Richards is one of many students from the Political Management and Governability program within the Graduate School of Political Management. The curriculum focuses on public officials and policy makers in South America.
Sponsored by the Corporación Andina de Fomento (CAF), GSPM has developed a set of courses to train leaders from seven Latin American countries on ways to affect democratic change. Most participants are either local or state officials, supporting staff or political advisors, hoping to improve communication and governance in their community.
Richards works at the Center for the Implementation of Public Policies Promoting Equity and Growth, a think-tank based in Argentina, whose goal is to “improve the quality of life for all Argentine citizens,” the CIPPEC’s Web site says.
“I work in data based policies, in projects related to bridging research and policy so [the course was] very useful [in] understanding the political management, and how it is best articulated with the state,” Richards wrote in an e-mail.
GSPM provides a six-month online course and partners with 15 local universities like Universidad Autonoma de Mexico and Universidad de Rosario in Argentina, to provide on-site training. GW Professors occasionally visit these universities to make live presentations.

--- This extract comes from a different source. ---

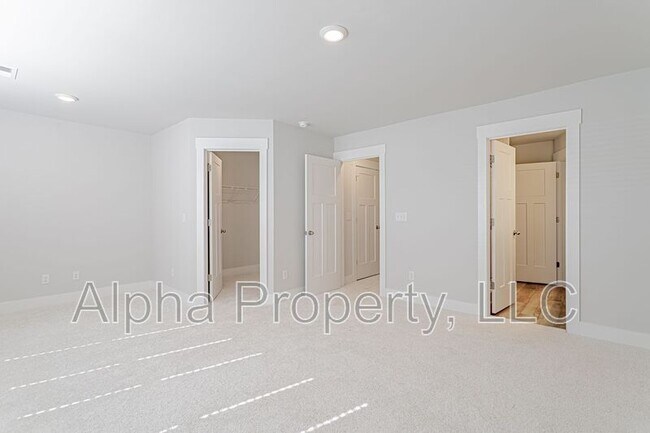 Building Photo - 302 Marston Ln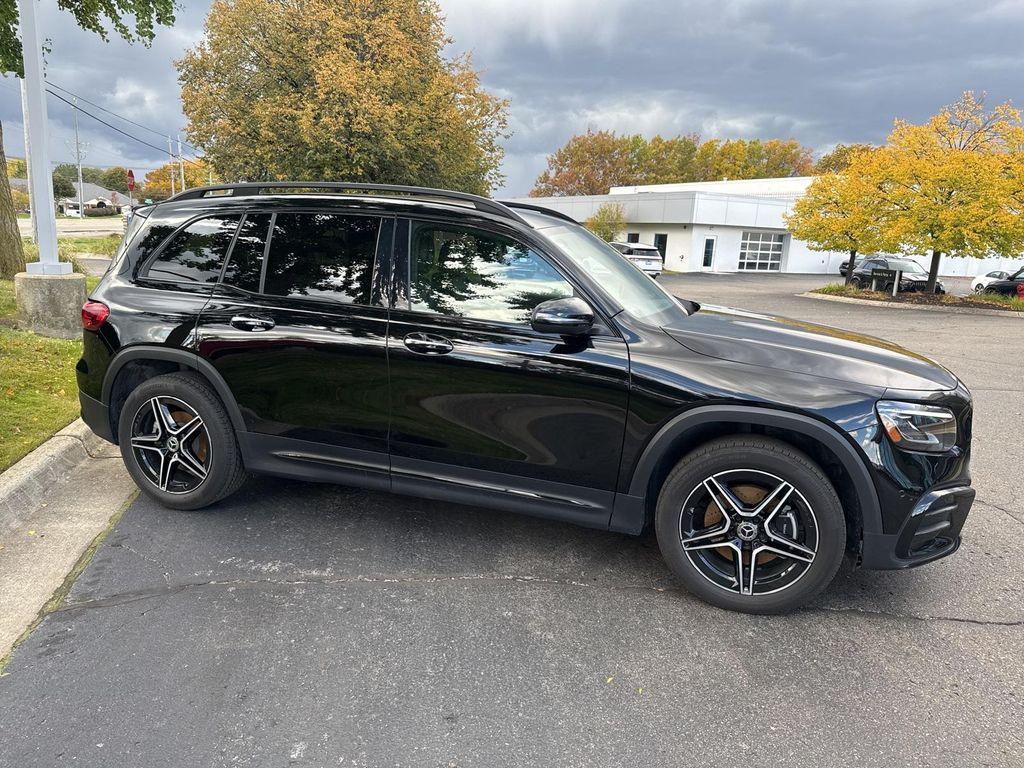 used 2025 Mercedes-Benz GLB 250 car, priced at $41,797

Through courses like Basics of Political Strategy, Political Leadership, and Ethics and Politics, participants learn how to build alliances, invoke positive democratic change, and govern more effectively, said Israel Navarro, the projects coordinator for the program. When students reach the end of the course, they apply the skills learned and examine a local problem and propose solutions.
“The idea of preparing a project for the improvement of local government is enriching,” said Richards.
“We finished a program that trained us for a better administration,” Basilia Paz, representative of the Etnia Aymara group in Bolivia said in a testimonial for the program.
Officials, who are from both the public and private sector, must apply to the program. This year, over 1,600 leaders will be trained.
Past students include mayors, councilmen, a secretary of the treasury for a municipality and executive presidents of private companies.
Since the program’s inception nine years ago, CAF has asked the GSPM to expand into other countries, including Brazil and the Dominican Republic, Navarro said.
“We have been very successful. We have a 95 percent completion rate which is quite remarkable,” GSPM Dean Arteron said.